Guest Blog Post by Professor Jonathan Simon
It is a reminder of how hard the past is to leave behind (especially
when your leading politicians belong to it). By now the whole nation
knows the basic facts: Francisco
Sanchez, a 45- or 52-year-old Mexican national, shot and killed Kathryn
Steinle, 32-year-old resident of a nearby suburb, in a chance encounter
along San Francisco’s popular, and seemingly safe, waterfront
Embarcadero Boulevard last week.
It had all the makings of what criminologists call a “moral panic”
— an untoward event, small or large, that becomes a vehicle for vast
social and political anxieties over race, class and national identity. A
low-status villain — non-white, poor, non-citizen, long criminal
record, multiple incarcerations — kills a high-status victim — white,
middle class, citizen, mother of children, never been in trouble with
the law. It occurs where it should not, in a place associated with
comfort and recreation. Events like this sometimes stay just local news,
but given the right conditions, they can blow up into a policy storm of
significant magnitude. Will this one?
It comes at a time when white anxiety over the growing Latino
population in the United States has become a dominant obsession with the
Republican party. Indeed, Republican politicians have found themselves
in something of a dilemma over which to attack among two of their
favorite targets: liberal cities like San Francisco or the Obama
administration.
Since the dominant media narrative has focused on the decision of the
San Francisco sheriff’s department to release Sanchez, after the
marijuana possession warrant he was being held on was dismissed —
without notifying ICE (the Immigration Control and Enforcement agency)
as requested — Republicans and now Senator Diane Feinstein, have decided
to focus their rage on the city’s sanctuary policy, which mandates
non-cooperation with the aggressive detention and deportation policies
of recent years. Feinstein wrote SF Mayor Ed Lee yesterday, excoriating the City and its sanctuary policy, and all but blaming them for the crime.
Familiar narrative
The story line is a familiar one to politicians of Feinstein’s
generation, who rose to maturity and power addressing it. In Feinstein’s
case, this was quite literal, as she became mayor of San Francisco in
1978 after the high-profile City Hall murders of Mayor George Moscone
and Supervisor and civil-rights leader Harvey Milk.

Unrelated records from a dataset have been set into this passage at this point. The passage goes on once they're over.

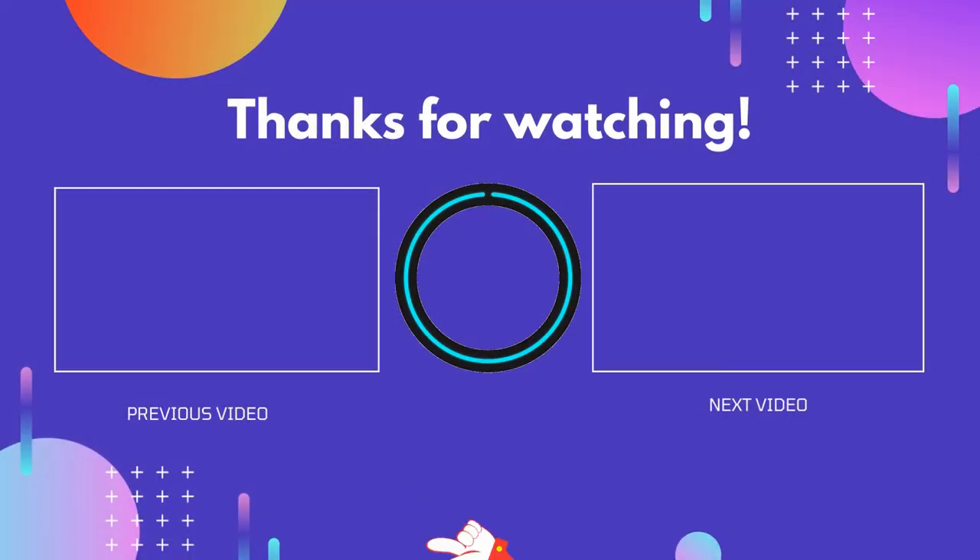Thanks for watching guys. I hope this video helped you. If you found this video useful, please don't forget to like, comment, and subscribe so you don't miss anything. We'll see you next time.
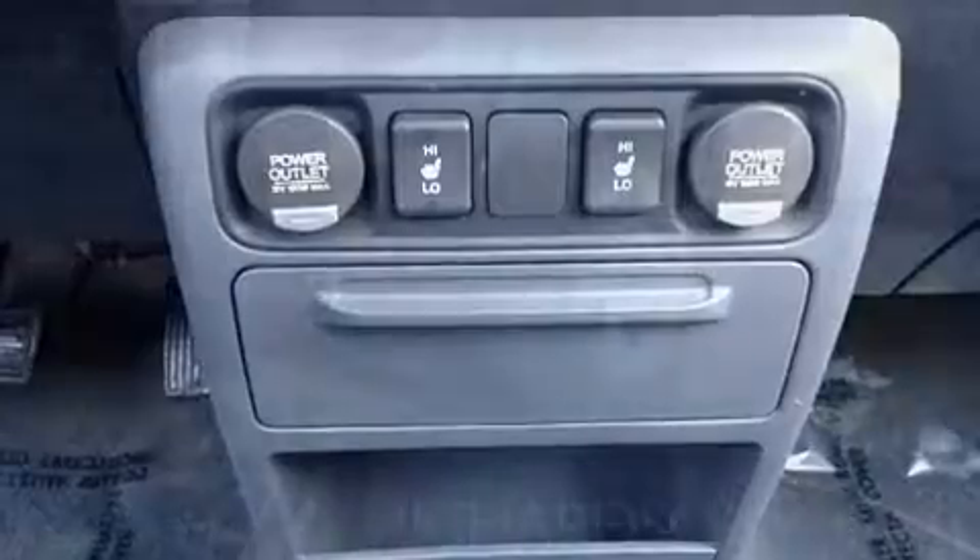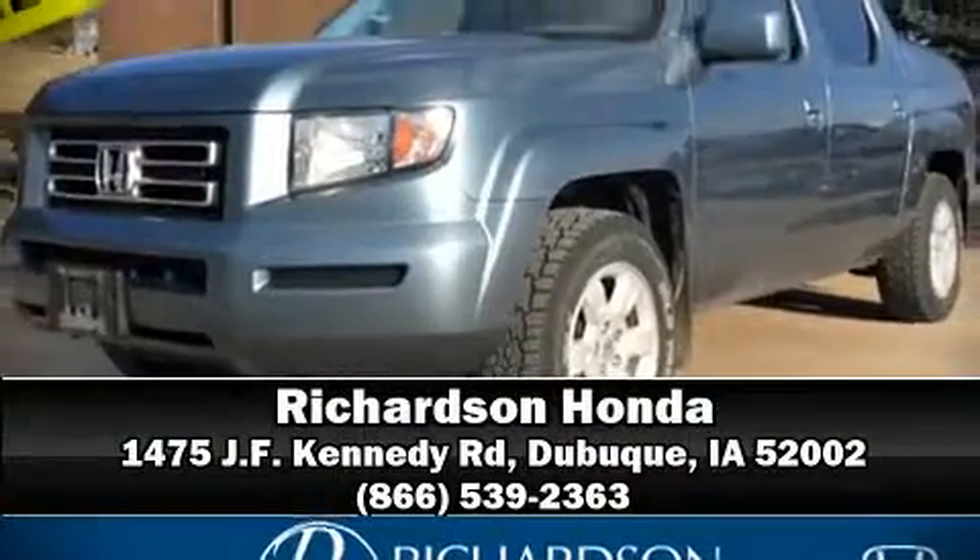Our sales reps are extremely helpful and knowledgeable. Come on in and take a test drive.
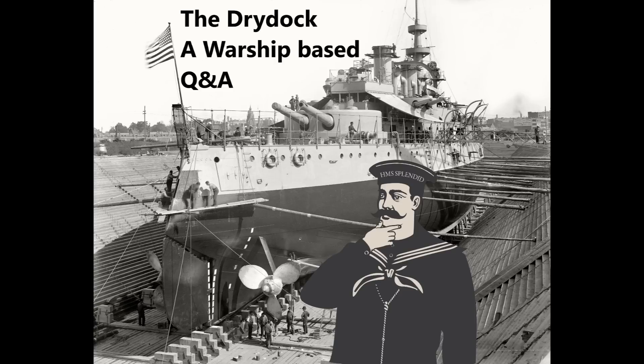Hello everybody and welcome to the Drydock episode 207. This week the questions are taken from guide 252, that's the guide on the French ship Henri IV, and the Wednesday video on the Battle of the Falkland Islands in World War I.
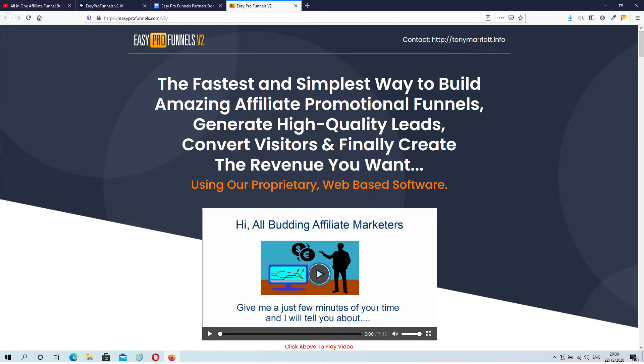Hey guys, Dave here from DaveChomCom.com, and welcome to my Easy Pro Funnels Version 2 review. Easy Pro Funnels Version 2 is a new product from Matt Garrett and it will be released on December 23rd at 11am EST.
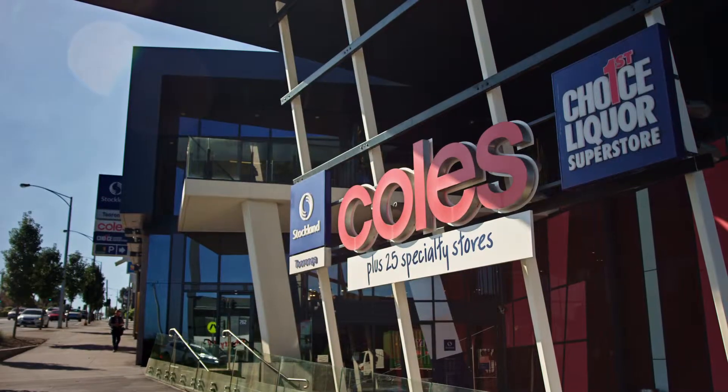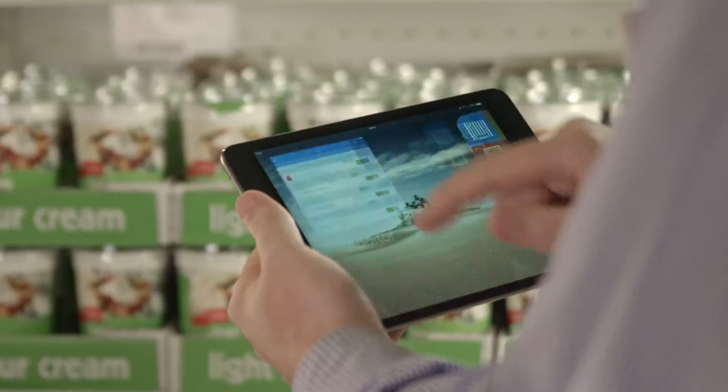Getting iAuditor out to 760 plus shops — to be perfectly honest, it was pretty easy. We rolled that out in a matter of weeks because it was the best of the best.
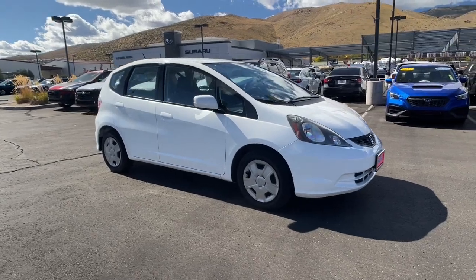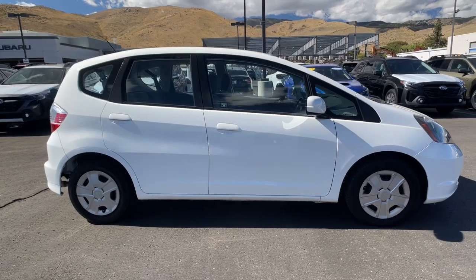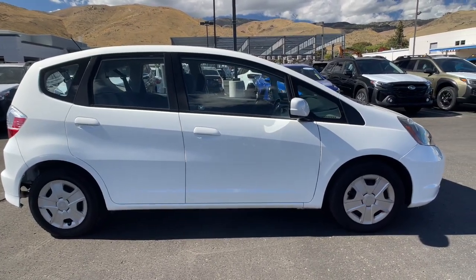You will be amazed by this 2013 Honda Fit. This vehicle is an outstanding buy with fewer than 30,000 miles on the odometer.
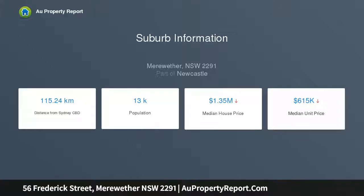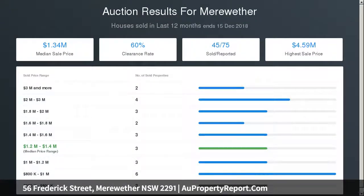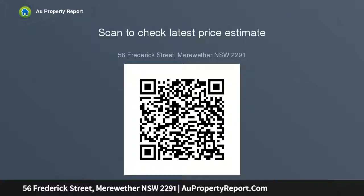Alternatively, this corner allotment's key attribute is clearly the potential for development into two contemporary new residences. The underutilized parcel is an exciting real estate opportunity for builders and property developers to capitalize at a prime address.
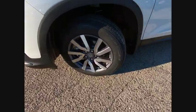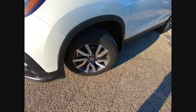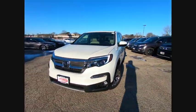Steering wheel audio controls. Keyless entry. Backup camera. Lane departure warning. Come take a test drive today.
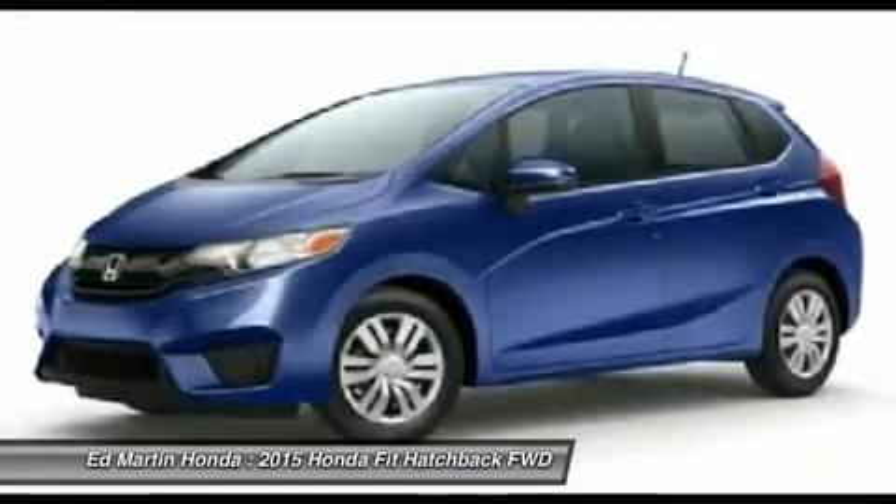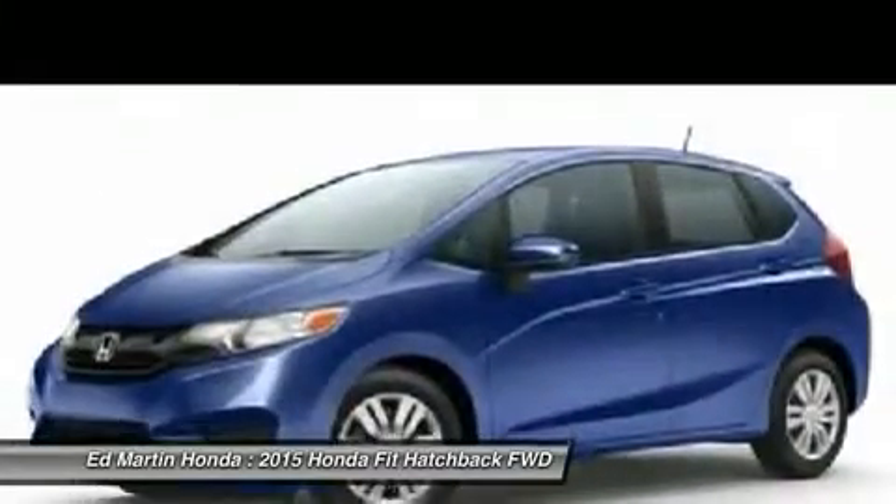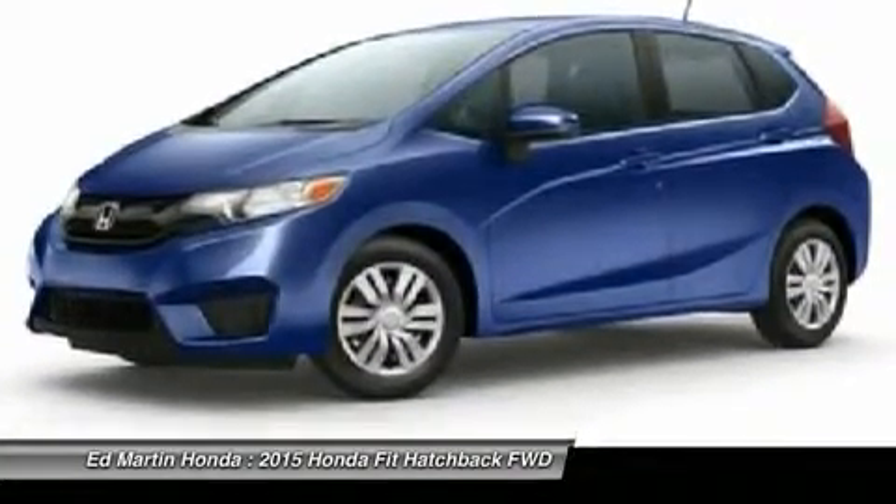Power steering, adjustable steering wheel, keyless entry, cruise control. This vehicle offers reliability and good looks at a great price. So come in and take a test drive today.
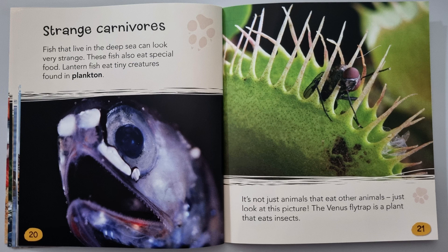It's not just animals that eat other animals — just look at this picture. This Venus flytrap is a plant that eats insects.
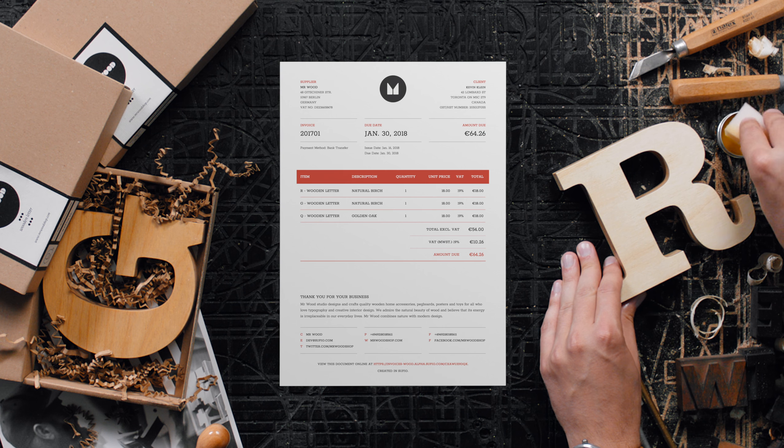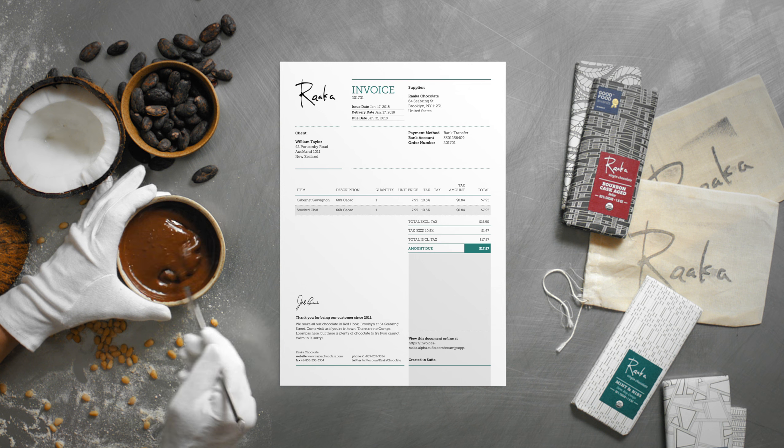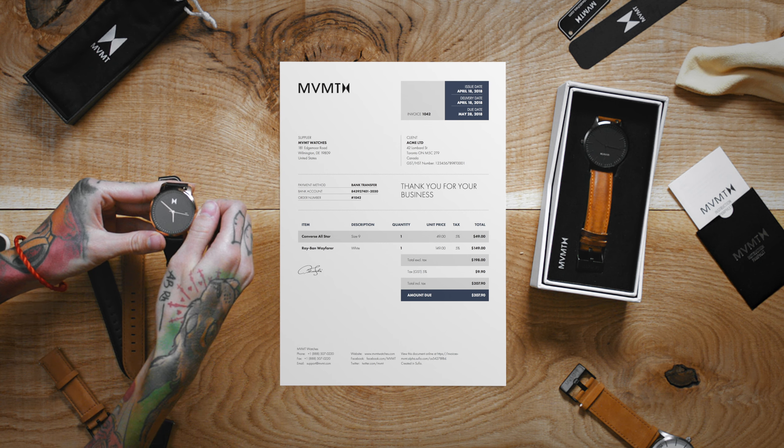Say hello to your new invoice. One that counts impressions instead of numbers. Give your invoice a stunning design. Tailor it to your brand. Create your own unique style.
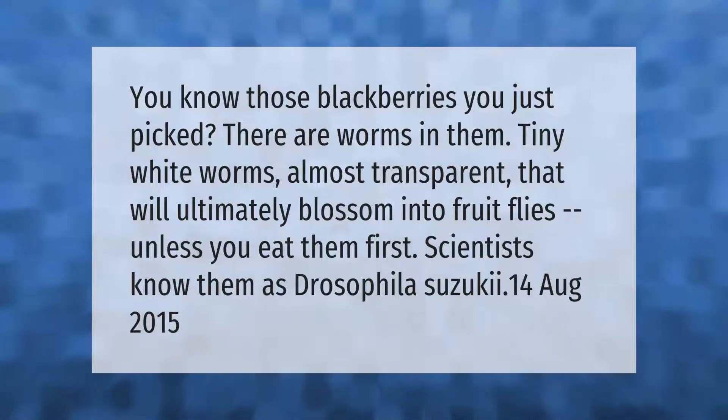Those blackberries you just picked — there are worms in them. Tiny white worms, almost transparent, that will ultimately blossom into fruit flies unless you eat them first. Scientists know them as Drosophila suzukii.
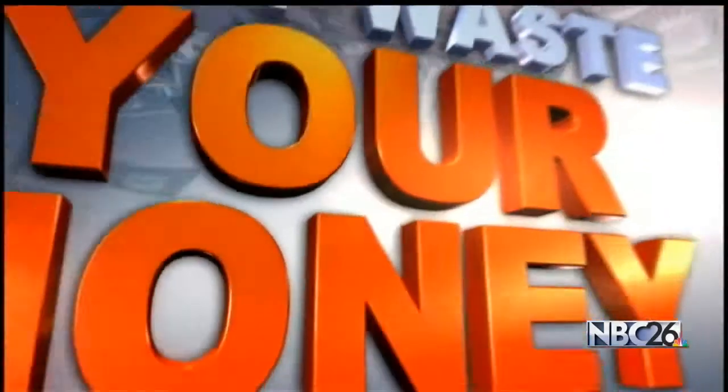Some homeowners are finding mosquitoes are getting into their homes as a result of strange holes in their window screens. Consumer reporter John Mattarise gets to the bottom of how this is happening so you don't waste your money.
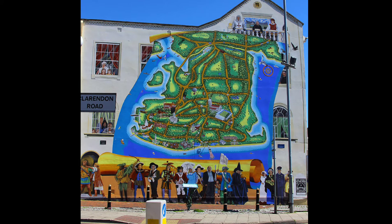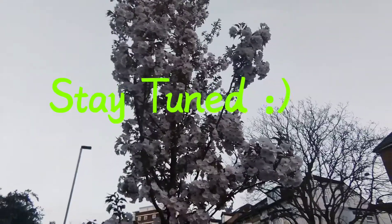This mural was painted by 12 artists and it contains hundreds of stories in it. I hope you enjoyed the vlog — stay tuned for more.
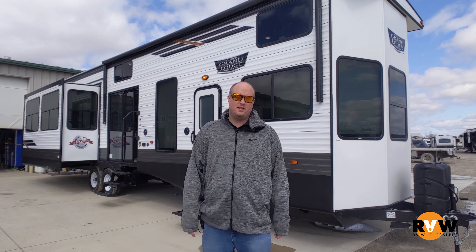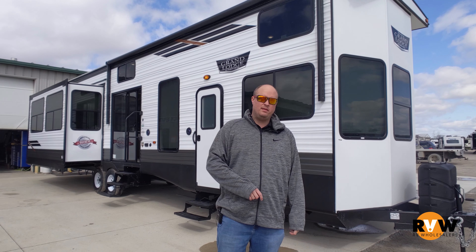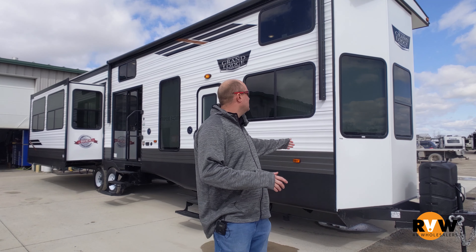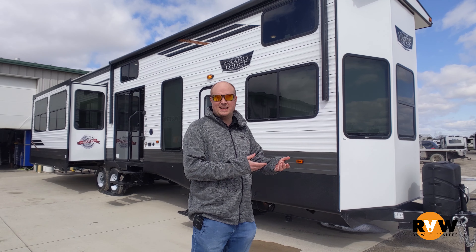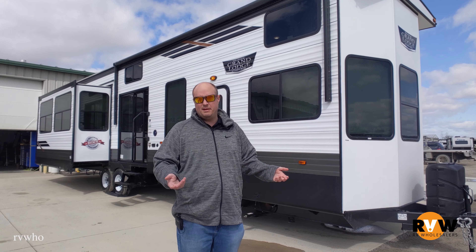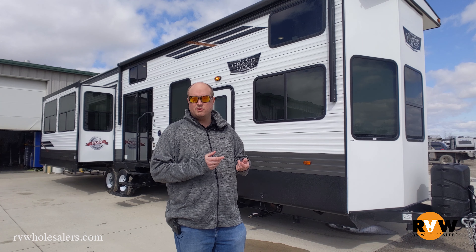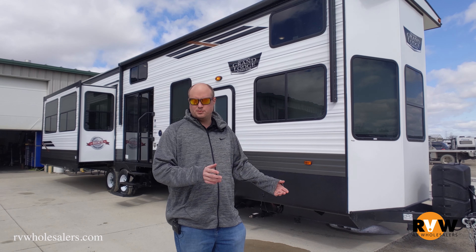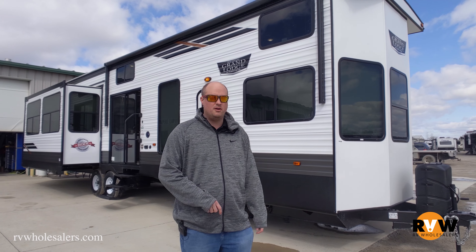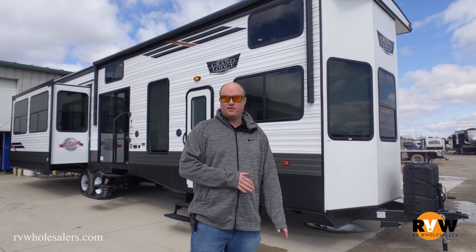This is Mitch Eilerman with RV Wholesalers. Today I'm going to take you on a walk around with a Wildwood Grand Lodge. The model is a 42DL. What you'll notice is this is a park model — basically a destination model. We're located here at Indian Lake, Lakeview, Ohio, and we've got a lot of campgrounds around here that are permanent spots. Customers put their unit there and come from Columbus, Dayton, and all over Ohio for a little getaway spot. This is perfect for that.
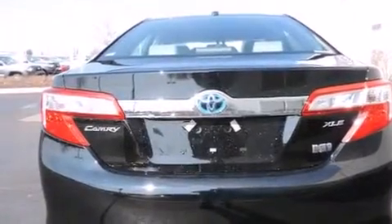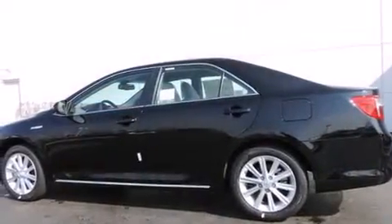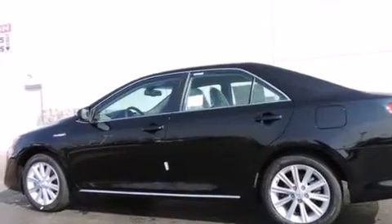Front side impact airbags, air conditioning with automatic climate control, a split-folding rear seat, an auto-dimming rearview mirror, and alloy wheels.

According to the logic that became common sense during the high crime
eras of the 1970s, 1980s and 1990s, state and local justice systems
were overwhelmed by crime and prone to ignoring criminal threats by
dumping known threats on the streets. According to this thinking (which I
described at length in my 2007 book Governing through Crime),
only tough laws limiting judicial discretion, and federal mandates
requiring that felons serve the vast majority of their sentences and
protect Americans. The result: mass incarceration and mass deportation.
A closer look at the narrative surrounding the Sanchez case reveals
it for the ideological construction it is. In fact, Sanchez epitomizes
why the logic of exclusion and segregation that undergird our wars on
crime and terror can never achieve public safety.
Start with the focus on San Francisco’s sheriff and the city’s
sanctuary policy. It seem obvious and outrageous to Sen. Feinstein that
Ms. Steinle would not have been killed that night but for the sheriff’s and city’s failure to incarcerate him until he could be deported.
But who was really the proximate cause of Mr. Sanchez’s presence in
San Francisco? He didn’t start here, but instead in federal prison,
where he was serving time for repeated unlawful entries to the United
States.
Nothing in federal law required ICE to bring Sanchez to San Francisco
to address a 20-year-old warrant for marijuana possession. Such charges
are routinely dismissed in San Francisco and other cities, and the feds
had apparently deported him five times during that period without
feeling compelled to bring him to answer justice in San Francisco. Most
likely the overworked ICE staff found the warrant and realized it would
be easier to dump him on San Francisco then complete the paper work
necessary to deport him promptly (or even generate the kind of
immigration warrant rather than “hold” what would have prevented
Sanchez’s release even under the sanctuary policy).
Dangerous felon?
A second phony element is the idea that Sanchez was obviously
dangerous because of his seven felonies. In fact, as the media realized
pretty early, all but one of these felonies were for drugs or illegal
reentry, and only one was for assault (the least serious form of crime
against the person, the equivalent of a fist fight).
If anything, Sanchez’s record is monument to how stretched the felony
concept has become in our time. Seven felonies sure sound scary, until
you actually look at them. There is nothing about his record that would
have signaled to San Francisco sheriff’s deputies that Sanchez posed a
serious threat. He appeared to be a not untypical inmate in the jail:
poor, disorganized, a drug user without a stable family or work life,
and probably some mental illness (indeed I suspect he has a chronic
mental illness and decompensated for lack of proper treatment during his
federal imprisonment).
The shooting of Kathryn Steinle appears to be a tragic escalation of
Sanchez’s lifestyle. The weapon was apparently found on the beach
(latest reports suggest it belonged to a federal agent).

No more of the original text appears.